I. Introducing the Sarai Reader

Sarai, (www.sarai.net) an interdisciplinary research and practice
programme at the Centre for the Study of Developing Societies invites
contributions to Sarai Reader 06: Turbulence.

We also invite proposals to initiate and moderate discussions on the
themes  of the Sarai Reader 06 on the Reader List
(http://mail.sarai.net/mailman/listinfo/reader-list) with a view to the
moderator(s) editing the transcripts of these discussions for
publication in Sarai Reader 06.

For an outline of the themes and concerns of Sarai Reader 06, see the
Concept Outline below (section II).

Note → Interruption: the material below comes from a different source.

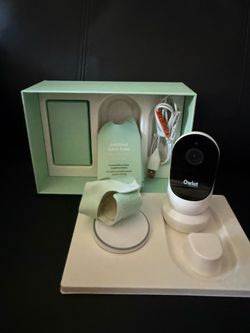 Baby owlet sock + camera baby monitor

To know about the format of the
articles that we invite, see 'Guidelines for Submissions' (sections III
and IV) below.

This year, the Sarai Reader has been invited to participate in the
'Journal of Journals' magazine project of Documenta 12. (see
http://www.documenta12.de/documenta12/english/magazine.htm).
Content from Sarai Reader 06 will be selected by the Sarai editorial
collective to be published online on the Documenta 12 Magazine webpage.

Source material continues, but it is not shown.